Ketua MPPS, Pardoyo, membuka audiensi dengan memaparkan sejarah berdirinya organisasi yang dipimpinnya serta berbagai kiprah yang telah dilakukan dalam memperjuangkan pendidikan anak-anak di Kota Surakarta. Salah satu fokus utama MPPS adalah penanganan anak putus sekolah dan anak tidak sekolah, yang menurut Pardoyo sudah menjadi masalah menahun di Kota Bengawan.

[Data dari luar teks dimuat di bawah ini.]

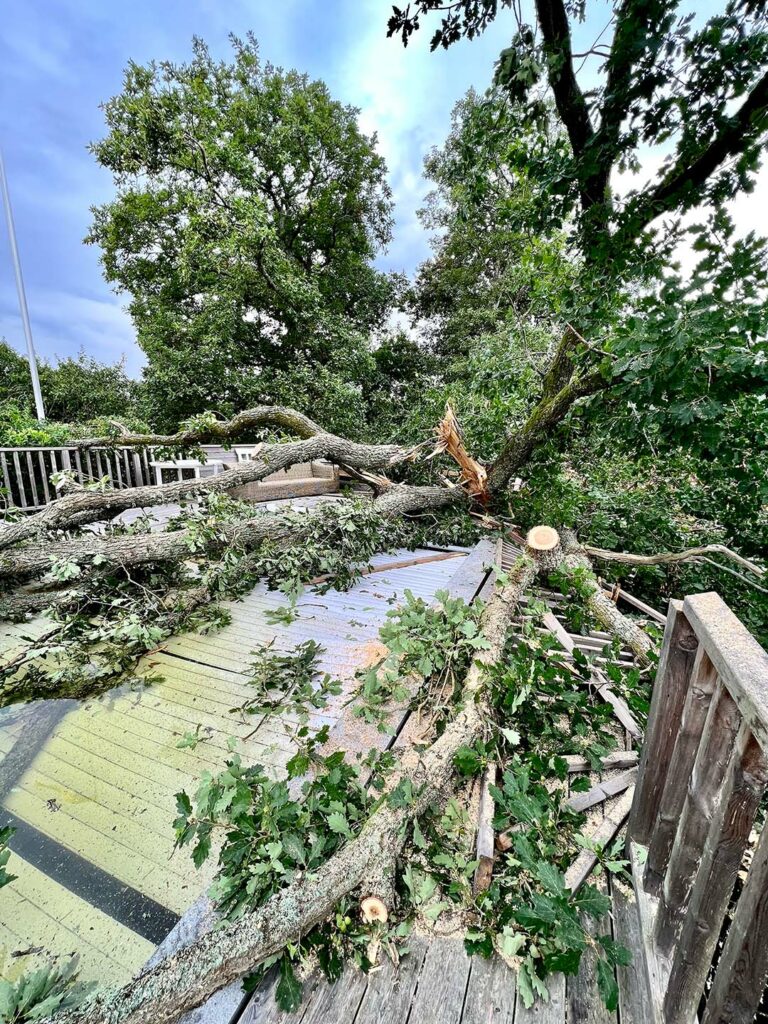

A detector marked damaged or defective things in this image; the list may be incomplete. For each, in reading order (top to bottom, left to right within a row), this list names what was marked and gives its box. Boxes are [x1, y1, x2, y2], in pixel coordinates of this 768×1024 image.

broken wooden slat [565, 786, 638, 892]
broken wooden slat [569, 770, 638, 815]
broken railing [626, 593, 768, 1024] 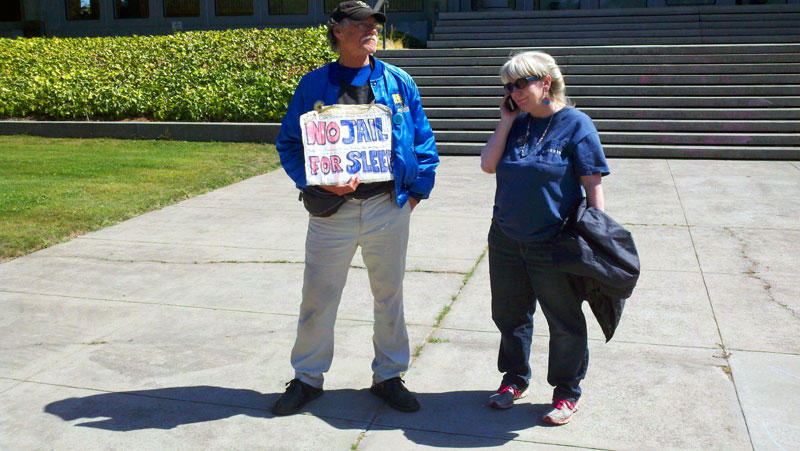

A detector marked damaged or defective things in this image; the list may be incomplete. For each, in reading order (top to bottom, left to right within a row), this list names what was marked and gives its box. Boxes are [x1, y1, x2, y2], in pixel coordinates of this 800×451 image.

pavement crack [724, 226, 800, 322] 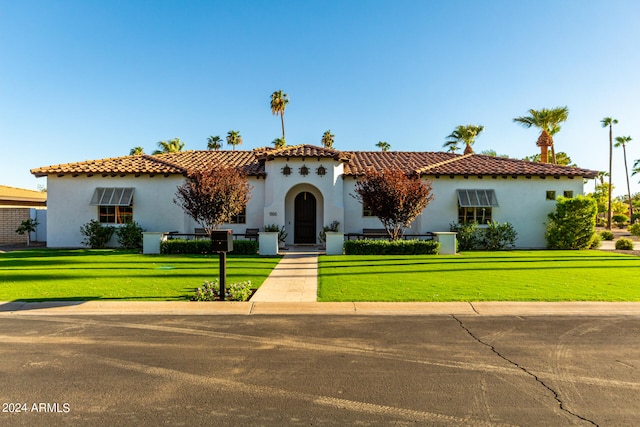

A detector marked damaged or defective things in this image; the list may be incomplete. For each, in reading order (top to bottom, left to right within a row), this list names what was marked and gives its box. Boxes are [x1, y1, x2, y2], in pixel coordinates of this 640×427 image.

“Pada tahun 2010, tercatat ada 284 anak putus sekolah dan anak tidak sekolah di Kota Kota Surakarta. Saat itu kami satu visi dengan Wali Kota Surakarta saat itu, Pak Jokowi, yang kemudian meluncurkan program Bantuan Pendidikan Masyarakat Kota Surakarta (BPMKS),” ujar Pardoyo.
Ia menjelaskan bahwa program BPMKS yang diluncurkan pada April 2010 tersebut kemudian menjadi embrio dari program nasional Kartu Indonesia Pintar (KIP). Salah satu kasus anak putus sekolah yang pernah didampingi MPPS adalah seorang anak di Jagalan, Kota Surakarta, yang pada waktu itu harus bekerja sebagai tukang kipas satai untuk membantu ekonomi keluarga.
“Anak tersebut akhirnya kami jadikan anak asuh bersama Dewan Pendidikan Kota Surakarta, dan kami titipkan di SMPN 20 Kota Surakarta. Syukurlah, anak itu berhasil lulus dengan prestasi terbaik,” tutur Pardoyo.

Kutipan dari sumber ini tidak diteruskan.